It’s been just a week since US President Donald Trump sent a personal letter to Kim Jung saying to support North Korea fighting COVID-19 pandemic. Who expected that North Korea would fire missiles in reply to the letter?
North Korea has fired two suspected ballistic missiles into the ocean off its east coast – according to South Korea and Japan – the latest in a flurry of weapon launches that Seoul decried as “inappropriate” amid the global COVID-19 pandemic.
Two “short-range projectiles” were launched from the coastal Wonsan area on Sunday, and flew 230 kilometres (143 miles) at a maximum altitude of 30 kilometres (19 miles), South Korea’s Joint Chiefs of Staff reported.
“…this kind of military act by North Korea is very inappropriate and we call for an immediate halt,” South Korea’s JCS said in a statement, according to Yonhap news agency.
Japan’s Ministry of Defense said they appeared to be ballistic missiles, and they did not land in Japanese territory or its exclusive economic zone.
Till now North Korea fired 9 ballistic missiles and all are directly monitored by the Chairman Kim Jung Un himself.
Regarding this event, no official statement has been issued by North Korean authority till now.
That would be the most missiles ever fired in a single month by North Korea, according to a tally by Shea Cotton, senior researcher at the James Martin Center for Nonproliferation Studies.

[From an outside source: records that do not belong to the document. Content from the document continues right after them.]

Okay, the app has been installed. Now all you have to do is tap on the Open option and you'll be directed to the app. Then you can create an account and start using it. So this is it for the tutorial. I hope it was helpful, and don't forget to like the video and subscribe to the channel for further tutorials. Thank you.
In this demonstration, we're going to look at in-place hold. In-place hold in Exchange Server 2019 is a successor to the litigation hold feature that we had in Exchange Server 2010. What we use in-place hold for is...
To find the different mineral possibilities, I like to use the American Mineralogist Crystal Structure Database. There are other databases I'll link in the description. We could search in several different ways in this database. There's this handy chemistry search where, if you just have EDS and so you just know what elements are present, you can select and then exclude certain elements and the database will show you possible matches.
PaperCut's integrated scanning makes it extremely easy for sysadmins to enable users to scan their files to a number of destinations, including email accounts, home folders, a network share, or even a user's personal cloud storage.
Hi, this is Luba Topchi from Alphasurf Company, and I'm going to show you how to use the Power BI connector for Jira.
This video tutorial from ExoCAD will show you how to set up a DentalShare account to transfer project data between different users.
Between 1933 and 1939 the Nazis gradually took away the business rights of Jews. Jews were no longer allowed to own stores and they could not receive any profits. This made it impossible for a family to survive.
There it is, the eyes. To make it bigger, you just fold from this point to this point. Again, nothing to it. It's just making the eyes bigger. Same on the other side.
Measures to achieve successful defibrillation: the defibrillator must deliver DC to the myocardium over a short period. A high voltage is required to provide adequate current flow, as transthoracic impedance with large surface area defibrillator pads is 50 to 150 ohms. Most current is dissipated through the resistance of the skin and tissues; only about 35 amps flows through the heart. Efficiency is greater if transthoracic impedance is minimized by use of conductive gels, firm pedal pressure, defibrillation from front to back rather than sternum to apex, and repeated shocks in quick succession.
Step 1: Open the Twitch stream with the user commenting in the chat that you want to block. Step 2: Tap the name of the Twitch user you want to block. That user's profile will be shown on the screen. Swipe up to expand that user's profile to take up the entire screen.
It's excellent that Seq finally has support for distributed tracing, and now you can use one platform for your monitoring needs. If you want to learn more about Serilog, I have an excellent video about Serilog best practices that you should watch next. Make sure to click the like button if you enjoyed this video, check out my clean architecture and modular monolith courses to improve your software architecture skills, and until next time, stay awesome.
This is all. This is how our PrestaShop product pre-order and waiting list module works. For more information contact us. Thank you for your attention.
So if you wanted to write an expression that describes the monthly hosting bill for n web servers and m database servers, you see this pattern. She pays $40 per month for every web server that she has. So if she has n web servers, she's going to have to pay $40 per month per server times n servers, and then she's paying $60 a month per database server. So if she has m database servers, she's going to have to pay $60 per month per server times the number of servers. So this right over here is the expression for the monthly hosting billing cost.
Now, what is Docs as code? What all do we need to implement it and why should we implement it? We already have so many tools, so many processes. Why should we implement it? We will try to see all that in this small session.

“Coming this early in the year, the only time we’ve seen tests this frequently were in 2016 and 2017, both of which were huge years for North Korea’s missile program,” he posted on Twitter.
All of the missiles fired so far this year have been small, short-range weapons, such as the KN-24 fired during the last launch on March 21.
But Kim has warned that North Korea is developing a new “strategic weapon” to be unveiled this year, with analysts speculating that it could be a new long-range ballistic missile, or a submarine capable of launching such missiles.
North Korea has been barred from testing ballistic missiles and heavily sanctioned over its missile and nuclear weapons programs by the resolutions passed in United Nations Security Council (UNSC).
ONGOING MILITARY DRILLS
Even there is a lock down and quarantine measures imposed, it conducted monthly military drills.
On the other hand, South Korea and the United States have postponed some of their joint military exercises because of the COVID-19 outbreak in South Korea.
Politically and economically isolated, North Korea has not reported any confirmed cases, though some foreign experts have expressed doubts.
In the past, North Korea has typically conducted military drills, including tests of its ballistic missiles, in March as the wintry weather turns warmer. For the previous two years, however, it had avoided such springtime launches amid denuclearization talks with the United States.